A customer with twelve RNASEQ mouse samples sequenced on an Illumina HiSeq 2000 wanted to compare the expression numbers for a single gene. This is outside my realm of expertise at the moment, but after some research I came up with a strategy. I realize the following commands aren't the most efficient way to do things, but I erred on the side of caution:
I downloaded a reference transcriptome from UCSC for mm9 and indexed it with bwa and samtools.
I mapped each sample to the reference transcriptome using BWA:
bwa aln -t 10 [path to transcriptome fasta] [fastq.gz filepath]
I converted the sai to BAM:
bwa samse [path to transcriptome fasta] [path to sai file] [path to fastq] | samtools view -Shub -o [bam file name] -
I sorted the BAM with samtools:
samtools sort [path to bam file] [sorted bam prefix]
I generated a VCF:
samtools mpileup -f [path to transcriptome fasta] [path to sorted bam] -u | bcftools view - > [vcf output path]
When I open the VCF, the header looks like this:
##fileformat=VCFv4.1
##samtoolsVersion=0.1.18 (r982:295)
CHROM POS ID REF ALT QUAL FILTER INFO FORMAT [path to sorted bam]
And here are a few sample lines:
gi|126352347|ref|NM_028260.2| 108 . G X 0 . DP=27;I16=13,14,0,0,1040,40426,0,0,520,10400,0,0,314,4688,0,0 PL 0,81,199
gi|126352347|ref|NM_028260.2| 109 . G X 0 . DP=28;I16=13,15,0,0,1086,42418,0,0,540,10800,0,0,323,4795,0,0 PL 0,84,201
gi|126352347|ref|NM_028260.2| 110 . A X 0 . DP=29;I16=14,15,0,0,1110,42864,0,0,560,11200,0,0,333,4957,0,0 PL 0,87,201
I'm having trouble correlating this with the official VCF 4.1 specification. Does anyone have any perspective on what I'm looking at here, or did I do something wrong? Specifically, column 1, column 5, the I16 comma-separated list in column 8, and the values in the last two columns are what I'm having trouble understanding, based on the samtools and VCF documentation.
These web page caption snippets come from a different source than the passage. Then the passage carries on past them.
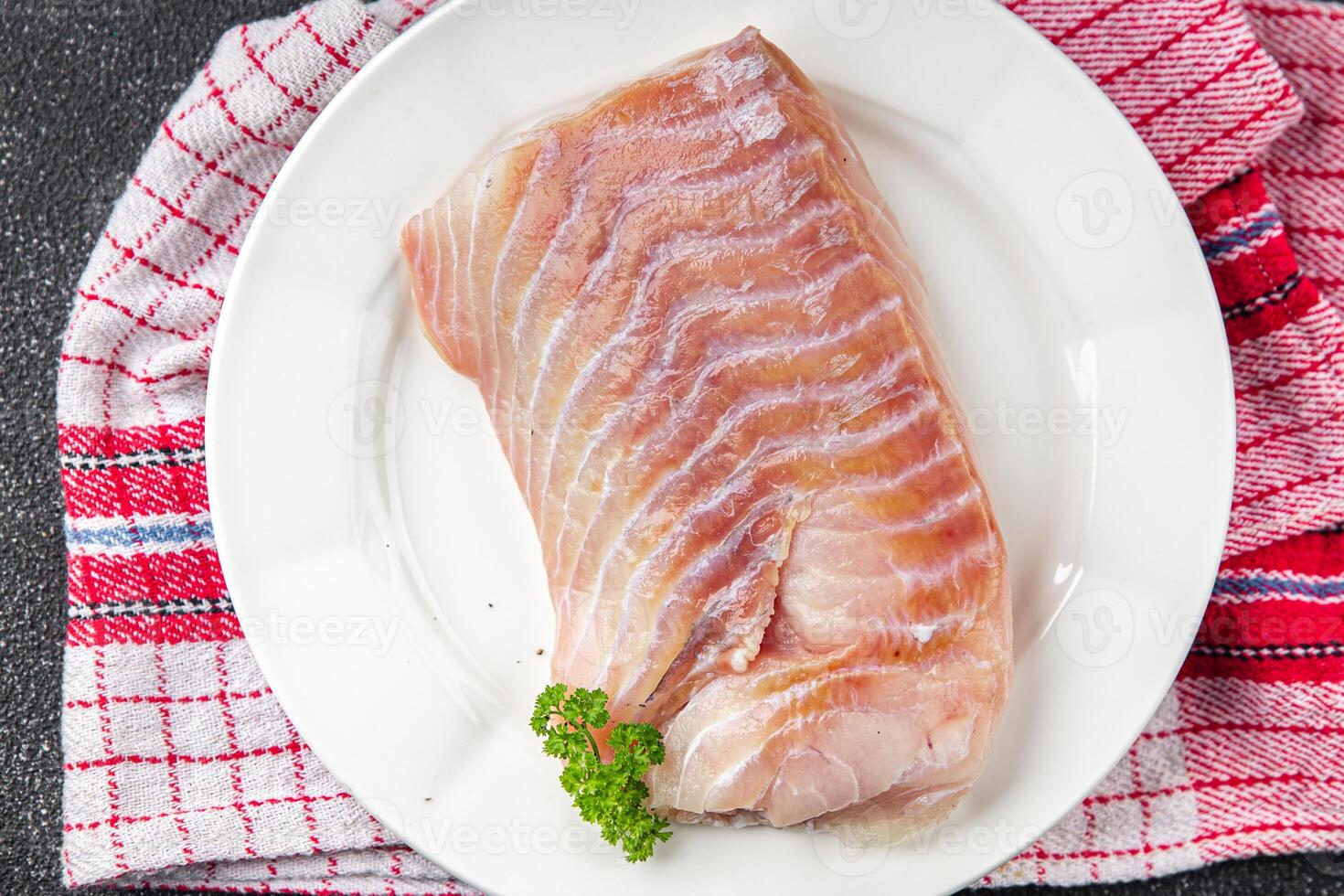 raw fish fillet seafood ready to cook natural fresh appetizer meal food snack on the table copy space food background rustic top view keto or paleo diet vegetarian food Pescetarian photo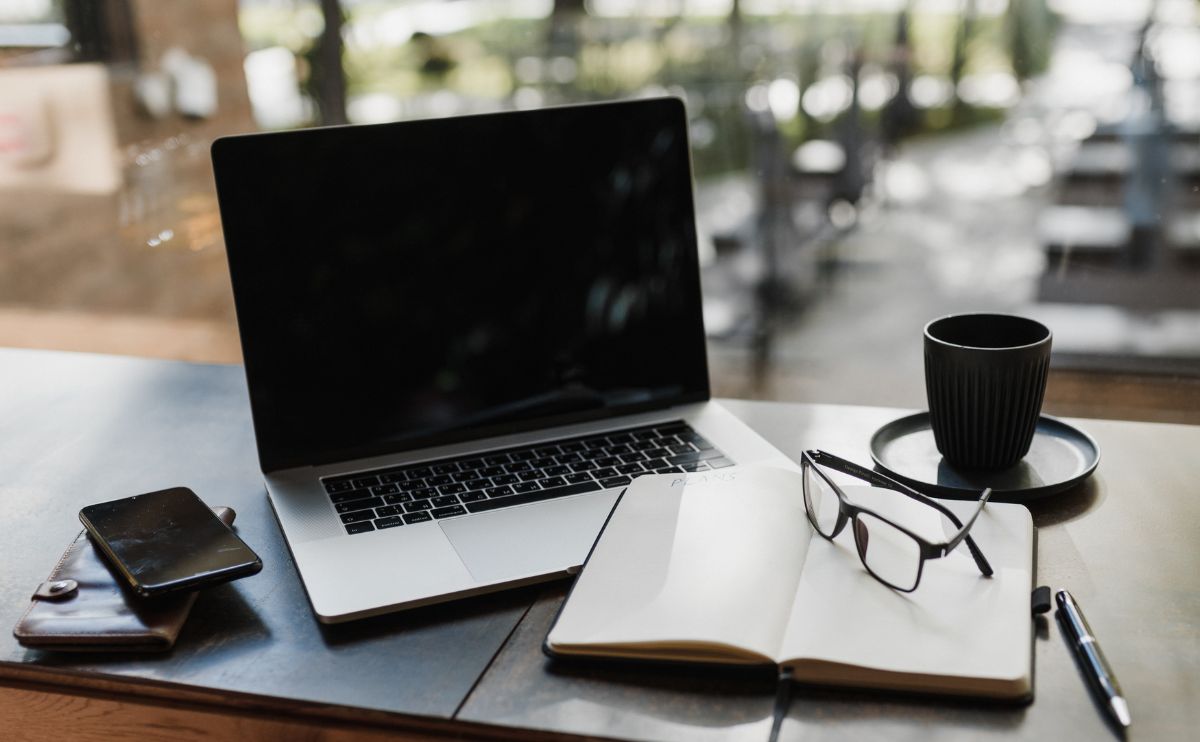 A laptop and glasses on the table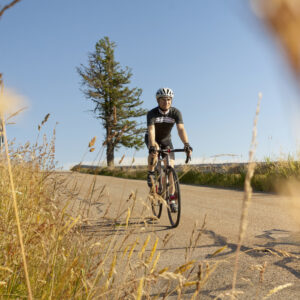 man riding road bike grass
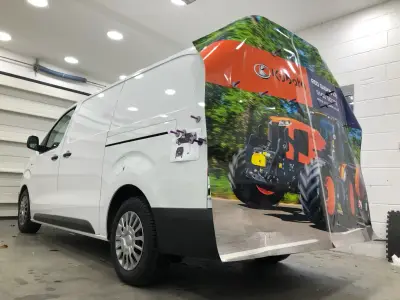 Rear vinyl wrap being applied to a white van with Rod Gaskin Kubota tractor graphics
JC is absolutely correct. Also, you may want to align to genomic sequence if you are variant calling.
Thanks for the comments. One of the primary sources I drew from was this:
http://bsc2010.bioinformatics.ucdavis.edu/handson/rna_seq_statistics_workshop.html
But what you are saying definitely makes sense. I will try out some other approaches. Thanks!
Please forget my first point, I missed that your are mapping to the reference transcriptome, that's correct. After that you need to count how many reads mapped per transcripts and save that as matrix that can be used in R:Bioconductor edgeR or DESeq to normalize and identify DEGs. One tricky thing is the reads that map to more than one transcript, BWA by default select one random hit but TopHat will report more than one hit if they are in different locations in the genome, after that Cufflinks will resolve the proportions.
Thanks so much for taking the time to follow up!